For a single electrochemical apparatus 1000, the insulating assembly 200 can separate positive and negative electrode metal strips of the single electrochemical apparatus 1000 to lower the risk of short-circuit due to direct contact between the positive and negative electrode metal strips. In addition, when preparing multiple electrochemical apparatuses 1000, the insulating assembly 200 also isolates the metal strips 20 of other electrochemical apparatuses 1000 to further lower the risk of short-circuit.

Referring to FIG. 5 and FIG. 6, on the first surface 21, along the second direction X, two ends of the third portion 25 respectively have a first region 211 and a second region 212, and the conductive region 213 is located between the first region 211 and the second region 212. The insulating assembly 200 includes a first insulating layer 50 and a second insulating layer 60, where the first insulating layer 50 is disposed on the first region 211, and the second insulating layer 60 is disposed on the second region 212. The first portion 23, the second portion 24, and the third portion 25 are sequentially disposed along the third direction Y, where the first direction Z, the second direction X, and the third direction Y are perpendicular to each other.

In this embodiment, the first insulating layer 50 and the second insulating layer 60 are disposed only on the first region 211 and the second region 212 of the metal strip 20, respectively, which can reduce the insulating layers, lowering costs; on the other hand, the first region 211 and the second region 212 are portions of the metal strip 20 prone to be in contact with external conductive components, and disposing the insulating layers on the first region 211 and the second region 212 may improve the strength and toughness of the metal strip 20 and lower the risk of short-circuit of the electrochemical apparatus 1000 during preparation due to unintended contact between the positive and negative electrode metal strips 20. Taking the electrochemical apparatus 1000 with a width or diameter of 6 mm as an example, the distance between the positive and negative electrode metal strips (the metal strip leading out the positive electrode of the electrode assembly 10 is the positive electrode metal strip, and the metal strip leading out the negative electrode of the electrode assembly 10 is the negative electrode metal strip) is extremely short (about 2 mm). By respectively providing the first insulating layer 50 and the second insulating layer 60 on the first region 211 and the second region 212 of the metal strip 20, the occurrence of short-circuit due to unintended contact between the positive and negative electrode metal strips may be effectively reduced; alternatively, when preparing multiple electrochemical apparatuses 1000, contact between the metal strips 20 of different electrochemical apparatuses 1000 may also be reduced, further reducing the occurrence of short-circuit.

Optionally, the first insulating layer 50 and the second insulating layer 60 may also extend from the functional layer 40, that is, the first insulating layer 50 and the second insulating layer 60 are integrally formed with the functional layer 40. The materials of the first insulating layer 50 and the second insulating layer 60 both include the above LDPE. The integral forming arrangement can ensure the strength and toughness of each insulating layer, thereby ensuring the strength and toughness of the metal strip 20.

Furthermore, referring to FIG. 5, along the second direction X, a width of the first insulating layer 50 is denoted as W1, where 0.1 mm≤W1≤0.17 mm; and/or a width of the second insulating layer 60 is denoted as W2, where 0.1 mm≤W2≤0.17 mm.
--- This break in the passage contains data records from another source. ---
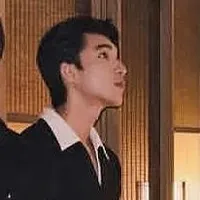 Trần Minh Hiếu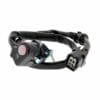 TECNIUM stroomonderbreker Honda CRF250/450R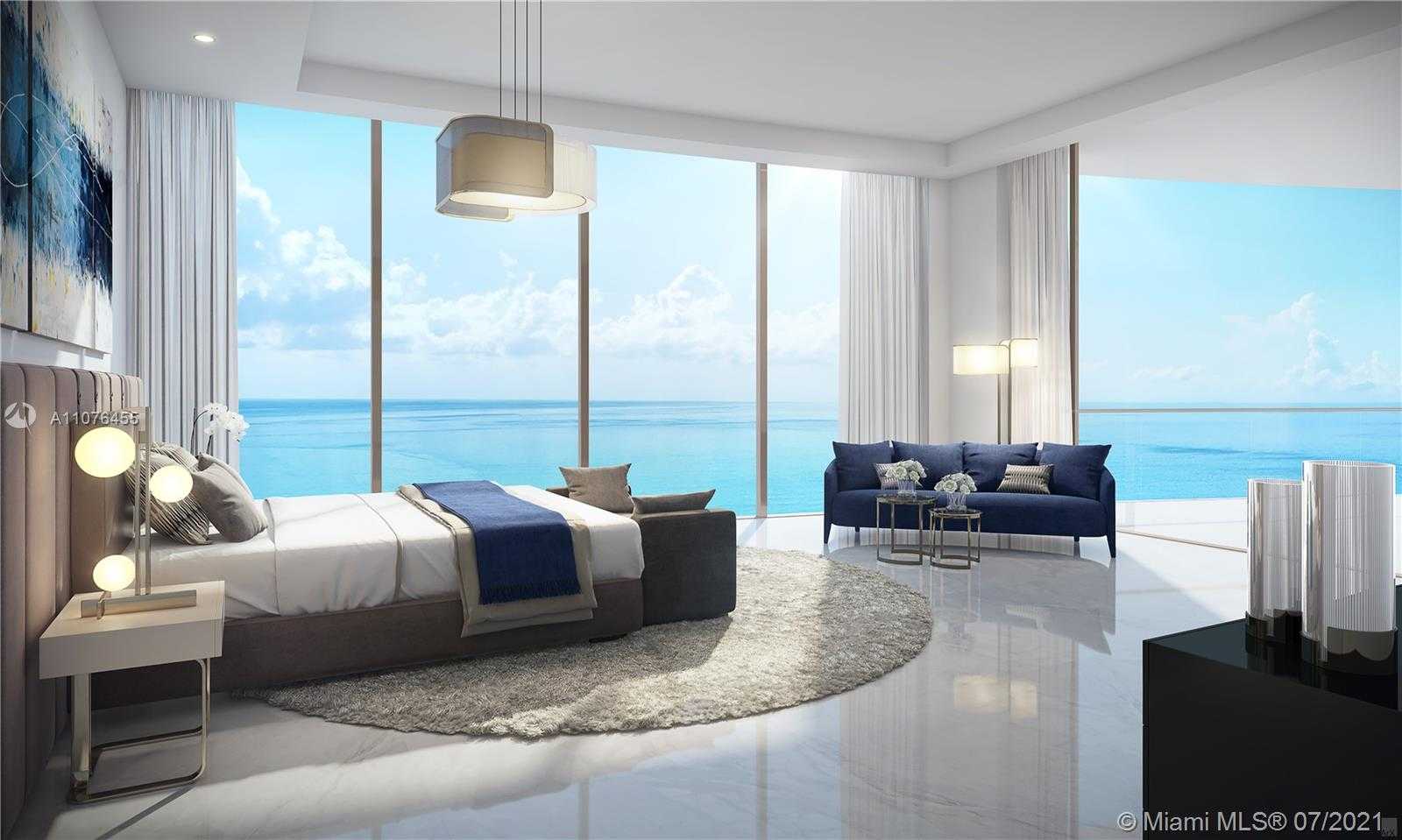 Small Image of 17901 COLLINS AVE #4401, Sunny Isles Beach Number 6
A portion of the conductive region 213 needs to be reserved between the first insulating layer 50 and the second insulating layer 60. Within the above width ranges, sufficient strength and toughness of the third portion 25 of the metal strip 20 may be ensured while reserving the conductive region 213, facilitating electrical connection of the third portion 25 with an external circuit.
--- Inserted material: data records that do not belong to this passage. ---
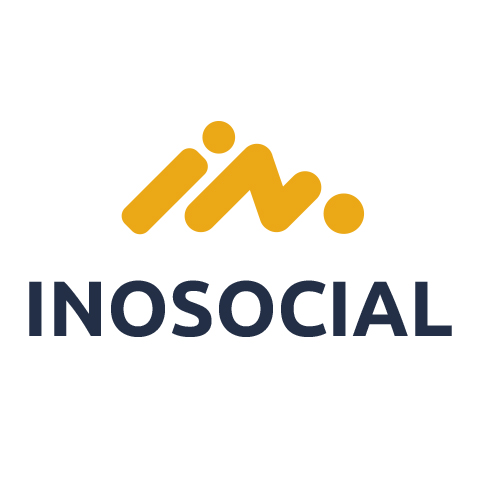 Inosocial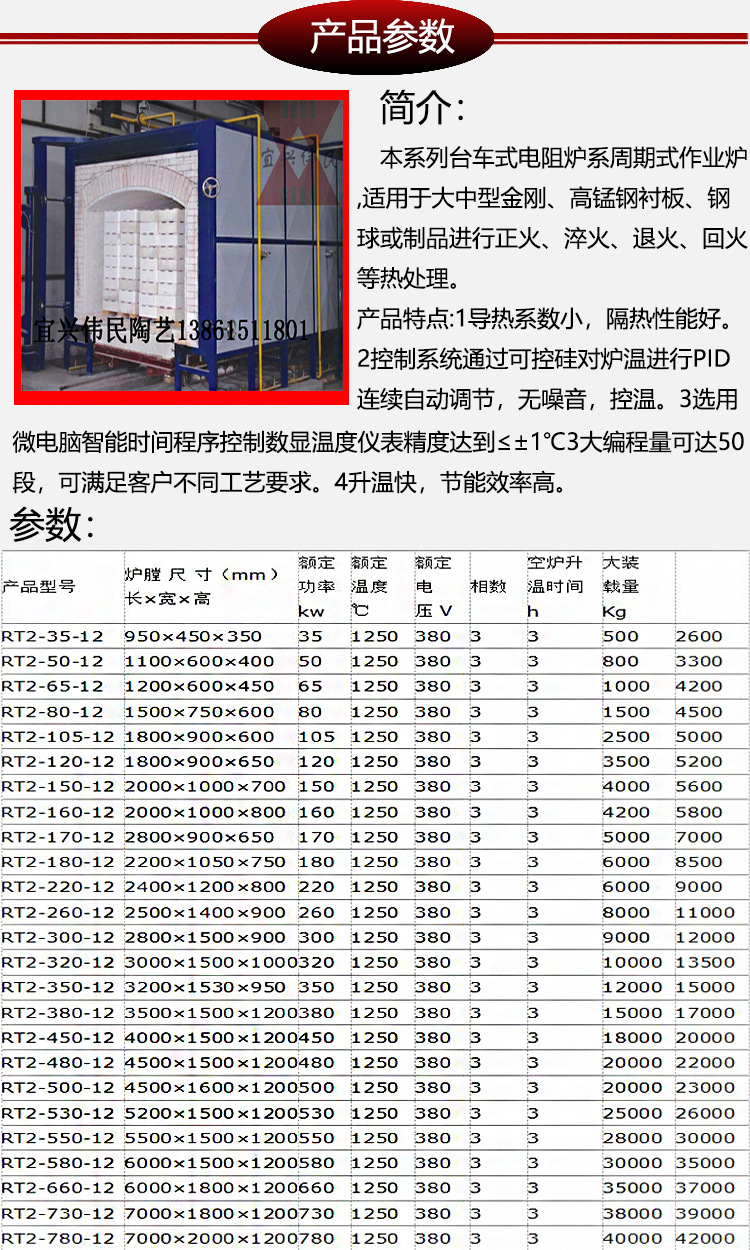 产品详情图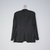 Blazer Dudalina - comprar online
The electrochemical apparatus 1000 includes at least two metal strips 20, where at least one metal strip 20 is a positive electrode metal strip, and at least one metal strip 20 is a negative electrode metal strip, and the positive electrode metal strip 20 and the negative electrode metal strip 20 extend from the same side of the accommodating portion 100 (referring to FIG. 1). Due to the presence of the insulating assembly 200, contact between the positive electrode metal strip and the negative electrode metal strip may be reduced, allowing the positive and negative electrode metal strips to extend directly from the same side of the accommodating portion 100, thereby reducing the space in the length direction of the electrochemical apparatus 1000.

In addition, referring to FIG. 7, an end of the third portion 25 away from the second portion 24 may further be provided with a fourth portion 26. During the preparation process of the electrochemical apparatus 1000, the entire surface of the fourth portion 26 may be provided with an insulating layer, which can reduce the sleeving process in production (in conventional methods, a sleeve needs to be placed on a head of the metal strip 20 to prevent contact between the positive and negative electrode metal strips, and the sleeve needs to be removed after production, during the process, and the metal strip 20 is prone to significant stress, which can easily lead to tearing of the metal strip 20 due to the fragility thereof), improve production efficiency, and further reduce bending and tearing of the metal strip 20 due to sleeve removal. After the electrochemical apparatus 1000 is prepared, the fourth portion 26 may be trimmed to facilitate electrical connection of the third portion 25 with an external circuit.

The conductive region 213 is formed between the first region 211 and the second region 212, and the conductive region 213 may be used for electrical connection with an external circuit. Thus, the second surface 22 of the third portion 25 of the metal strip 20 may be entirely provided with an insulating layer. Further referring to FIG. 8 and FIG. 9, the electrochemical apparatus 1000 further includes a third insulating layer 70, where the material of the third insulating layer 70 may also be selected from the above LDPE, and the third insulating layer 70 covers the second surface 22 of the third portion 25. This structure may further improve the strength and toughness of the metal strip 20 and further reduce the occurrence of short-circuit in the electrochemical apparatus 1000.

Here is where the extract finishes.